We have a palomino FILLY born last night at 8:30 pm!!! She is gorgeous, I'm totally in love




. I posted a picture on our farm page on FB, it's a terrible picture but she's not cooperating with me! Lol. Flyin' G Farm is our page .


----------



## Ryan Johnson (Mar 18, 2015)

Congratulations Tracy, cant wait to see some pics


----------



##  (Mar 18, 2015)

Congratulations for the third baby born in the last 24 hours!!!! I can't wait to see the pictures as I don't do FB, so I hope you'll post the pictures here as well! She sounds beautiful.... can't wait to see!!!!


----------



## Kim P (Mar 19, 2015)

Congratulations!


----------



## MountainWoman (Mar 19, 2015)

Congratulations. She sounds amazing!!! Can't wait for photos.


----------



## lkblazin (Mar 19, 2015)

Congratulations excited to see pics :-D


----------



## Flyin G Farm (Mar 19, 2015)

Here she is. This is a not so great picture of her at about 8 hours old, that really does her no justice. She is so dainty and refined with super tippy ears and a gorgeous head. I think she will have 4 socks (she has 4 white hooves), she has a blaze and I think at least one blue eye. The stalls is kind of dark, so it is hard to tell for sure. Hopefully the weather will cooperate this weekend and we can get her outside for more (hopefully much better) pictures that show just how pretty she really is in person!

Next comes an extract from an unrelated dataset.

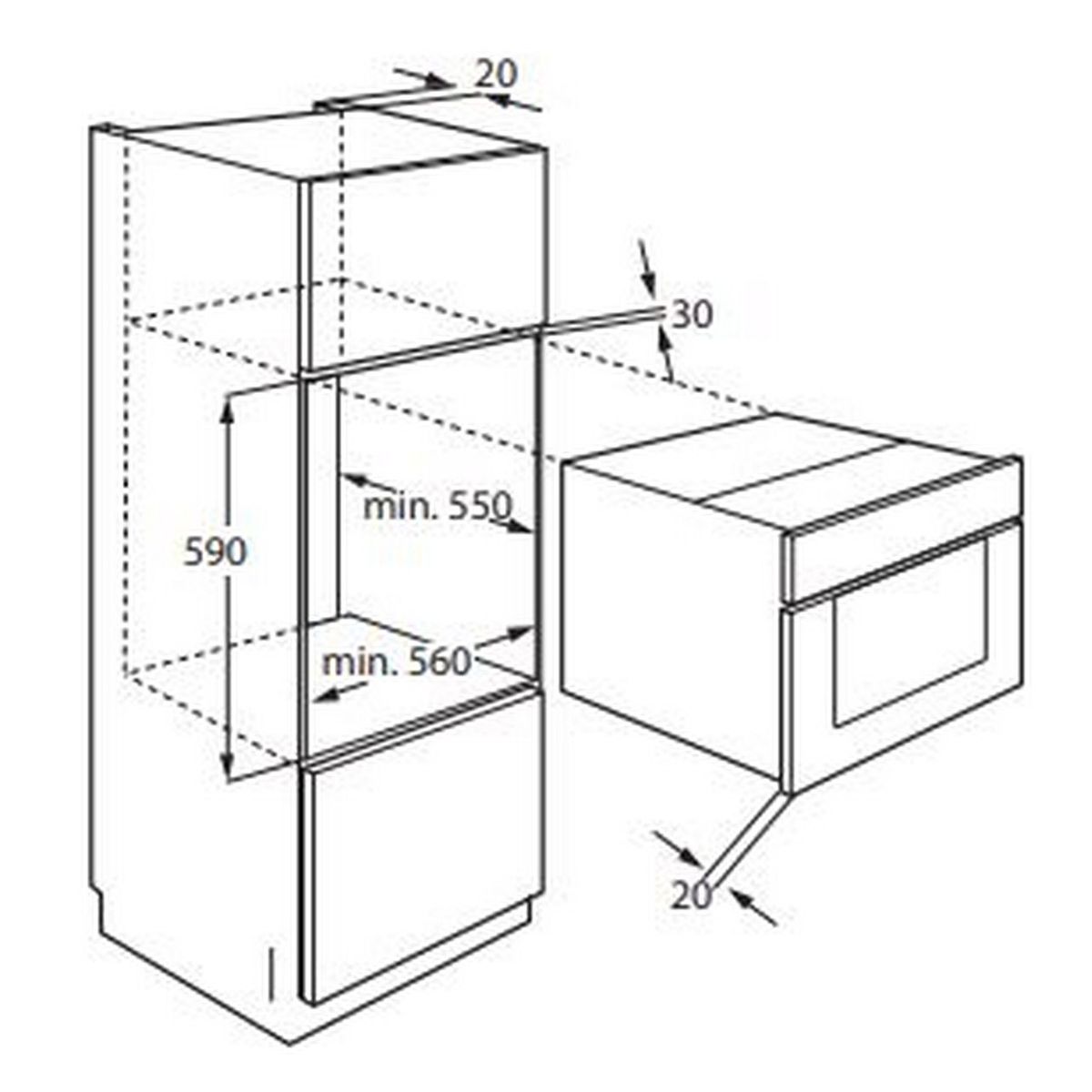 Horno Pirolitico Infiniton P659at, 70 Litros, 3200 W, 9 Funciones, Crystal Black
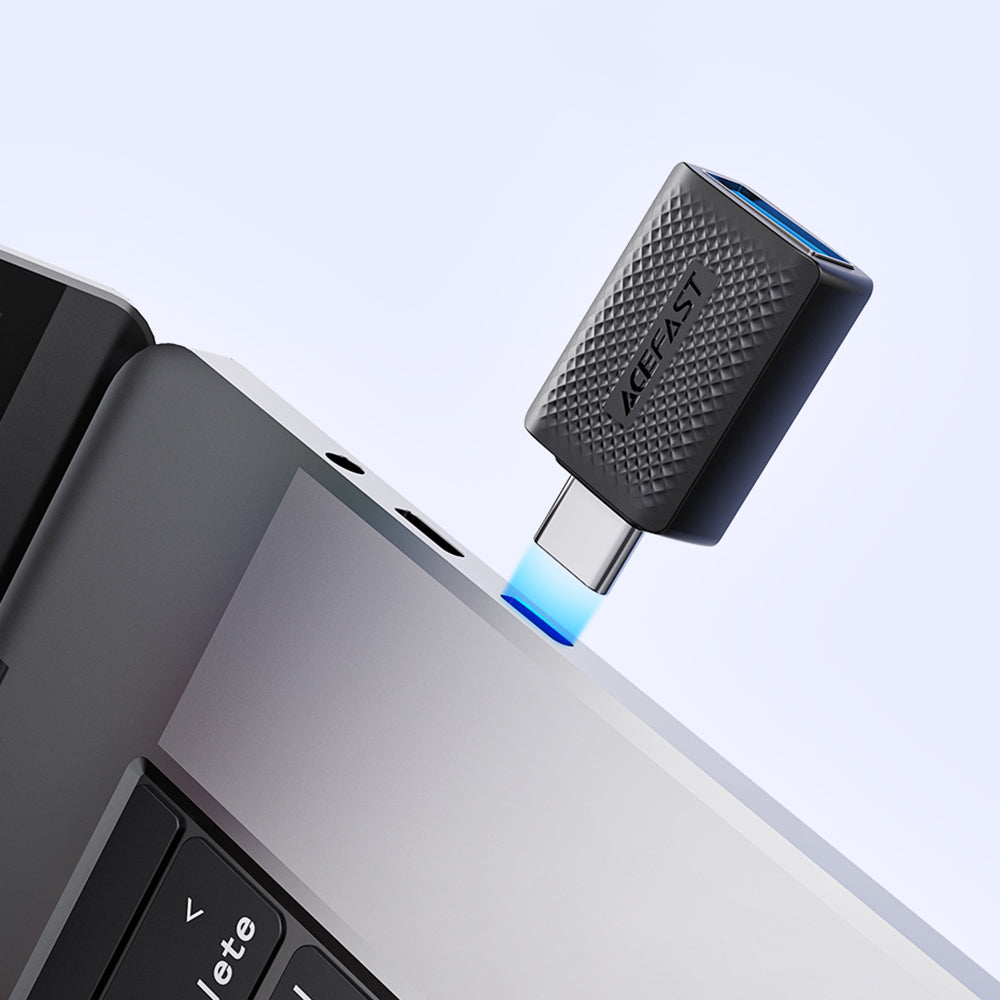 OTG Adapter USB-C - USB-A Acefast J1, Zwart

Our next 2 mares due are bagging up, so we should have them on camera hopefully this weekend.


----------



## MountainWoman (Mar 19, 2015)

Oh, she is beautiful! I am sure you are over the moon thrilled with her. I sure would be. Congratulations on a beautiful girl. And I love her long legs.


----------



## chandab (Mar 19, 2015)

Congrats! Palomino is my favorite.


----------



## KLM (Mar 19, 2015)

Yay! Congratulations on a beautiful little girl!


----------



## Ryan Johnson (Mar 19, 2015)

What a lovely girl, many congratulations


----------



## lkblazin (Mar 19, 2015)

Very cute beautiful dish. And wow those legs!!! I think my girls will be having stumpy babies, since all the legs have been taken lol


----------



## Brody (Mar 19, 2015)

Congrats! She does look super refined in the picture. So if she looks this good in a 'bad' picture, can't wait to see what the next round of photos shows!


----------



## Rocklone Miniature Horses (Mar 19, 2015)

Aw she's a beaut! Congrats!


----------



##  (Mar 19, 2015)

She is definitely dainty and refined, and the legs are so long and wonderful! I'd be very excited, too! Can't wait to see more of her!


----------



## eagles ring farm (Mar 19, 2015)

congrats on your new little beauty


----------



## AnnaC (Mar 20, 2015)

What a gorgeous little girl - many congratulations -cant wait to see more pictures!


----------



## Kim P (Mar 20, 2015)

She is so pretty. I love the blonde color! I can't wait to see a better pic. Especially of her eyes!


----------



## Flyin G Farm (Mar 23, 2015)

Really loving this filly! I think her registered name will be Flyin Gs Assured Beauty (Sundance LB Assured x Flyin Gs American Beauty). She's quite a little firecracker too. We haven't had very good weather, so I've still not had a chance to get her outside, but they are saying it will be better later this week. I hope they are right!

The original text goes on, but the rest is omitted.